As one of the biggest streamers in the world, there's always a target on Tyler 'Ninja' Blevins' back in a game of Fortnite, as players want to brag that they took him down. But, some are even making money out of it.
Stream sniping has almost always been a thing, ever since streaming multiplayer games on places like Twitch became popular over the last decade.
The term refers to players who watch a streamer's broadcast to pinpoint their location in a match, then use that information to either kill them or troll them. It's an especially frustrating problem in battle royale games, where the goal is survival at all costs.
Ninja is no stranger to stream snipers, and is likely targeted on a daily basis, but some players are taking this annoying practice even deeper, by placing "bounties" on the streamer's head.
Apparently organized in Discord, Ninja's duo partner Reverse2k explains: "There's this Discord [server], a stream sniping Discord, and the Discord owners put bounties on your head to kill you, and it's so stupid."
Bemused, Ninja simply replies "What...?", as Reverse continues: "You pay in to get in - so you pay $10 to get into the Discord and you might have a $100 bounty on Ninja. So, they go stream snipe you, and if they kill you they get $100."

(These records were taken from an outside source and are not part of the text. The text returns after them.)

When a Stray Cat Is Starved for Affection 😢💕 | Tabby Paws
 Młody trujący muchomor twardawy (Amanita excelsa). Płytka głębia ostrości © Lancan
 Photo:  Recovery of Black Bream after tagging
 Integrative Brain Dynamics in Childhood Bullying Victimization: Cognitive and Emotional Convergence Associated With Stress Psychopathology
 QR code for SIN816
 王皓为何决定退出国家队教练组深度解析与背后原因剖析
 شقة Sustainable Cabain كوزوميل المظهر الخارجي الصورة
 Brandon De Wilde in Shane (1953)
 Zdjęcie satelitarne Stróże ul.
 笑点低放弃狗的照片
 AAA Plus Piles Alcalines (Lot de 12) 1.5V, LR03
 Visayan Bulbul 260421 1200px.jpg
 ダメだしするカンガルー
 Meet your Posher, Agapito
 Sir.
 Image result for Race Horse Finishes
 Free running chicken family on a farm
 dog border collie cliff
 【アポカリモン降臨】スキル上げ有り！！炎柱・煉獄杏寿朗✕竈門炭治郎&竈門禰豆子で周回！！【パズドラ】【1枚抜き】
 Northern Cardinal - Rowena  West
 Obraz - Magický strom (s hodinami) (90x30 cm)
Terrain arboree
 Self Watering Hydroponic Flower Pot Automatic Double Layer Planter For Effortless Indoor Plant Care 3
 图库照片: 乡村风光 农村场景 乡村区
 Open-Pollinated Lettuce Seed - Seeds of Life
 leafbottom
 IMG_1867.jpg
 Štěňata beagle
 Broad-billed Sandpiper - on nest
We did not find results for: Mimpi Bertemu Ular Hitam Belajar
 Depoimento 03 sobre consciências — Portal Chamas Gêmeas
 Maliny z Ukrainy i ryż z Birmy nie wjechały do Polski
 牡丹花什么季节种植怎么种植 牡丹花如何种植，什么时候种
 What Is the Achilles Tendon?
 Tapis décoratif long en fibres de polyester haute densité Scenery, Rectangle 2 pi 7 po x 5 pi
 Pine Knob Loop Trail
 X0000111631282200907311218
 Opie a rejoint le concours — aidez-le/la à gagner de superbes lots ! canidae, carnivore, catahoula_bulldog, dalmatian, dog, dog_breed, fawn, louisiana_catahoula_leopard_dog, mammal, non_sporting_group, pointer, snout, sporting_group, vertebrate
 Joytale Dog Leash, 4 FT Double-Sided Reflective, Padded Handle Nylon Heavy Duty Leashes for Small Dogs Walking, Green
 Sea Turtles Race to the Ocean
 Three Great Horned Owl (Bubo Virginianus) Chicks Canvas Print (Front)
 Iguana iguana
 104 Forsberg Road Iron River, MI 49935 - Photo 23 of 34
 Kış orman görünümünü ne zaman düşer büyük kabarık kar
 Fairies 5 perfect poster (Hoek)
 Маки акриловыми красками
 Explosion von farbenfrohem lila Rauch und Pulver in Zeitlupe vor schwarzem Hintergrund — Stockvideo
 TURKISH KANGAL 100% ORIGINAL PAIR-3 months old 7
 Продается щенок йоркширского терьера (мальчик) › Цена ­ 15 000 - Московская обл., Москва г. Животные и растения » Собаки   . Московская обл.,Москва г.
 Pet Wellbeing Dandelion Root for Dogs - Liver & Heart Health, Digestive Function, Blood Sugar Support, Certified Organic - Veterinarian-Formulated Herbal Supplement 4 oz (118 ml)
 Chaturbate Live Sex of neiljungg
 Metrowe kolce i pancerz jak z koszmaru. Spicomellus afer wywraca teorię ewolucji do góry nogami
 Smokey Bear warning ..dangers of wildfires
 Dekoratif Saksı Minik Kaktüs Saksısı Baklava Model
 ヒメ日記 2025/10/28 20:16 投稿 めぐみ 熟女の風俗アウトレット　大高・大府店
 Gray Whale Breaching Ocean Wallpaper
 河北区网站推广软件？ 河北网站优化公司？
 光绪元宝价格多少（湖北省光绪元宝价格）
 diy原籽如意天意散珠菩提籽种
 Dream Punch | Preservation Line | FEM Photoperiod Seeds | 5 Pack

Reverse then claimed that the team who had just attacked them in that match were apparently members of such a Discord server, and had failed in their quest to eliminate them.
Ninja responded by calling the stream sniping bounties "so weird", but he probably wasn't even that surprised. He's had his run-ins with countless stream snipers before, so if there's money to be made, it's the logical next step.
Stream sniping is not only widely frowned upon, but is often against a games' user agreement, and titles such as PUBG and Fortnite will hand out bans for players found to be targeting streamers.
Twitch and other platforms also have policies against it, and will ban streamers targeting other streamers. However, Mixer, Ninja's current platform, does not specify any rules against it in its User Conduct page.
Twitch explicitly mentions stream sniping as being a form of cheating, describing it as "exploiting another broadcaster's live broadcast in order to harass them in-game, such as stream sniping."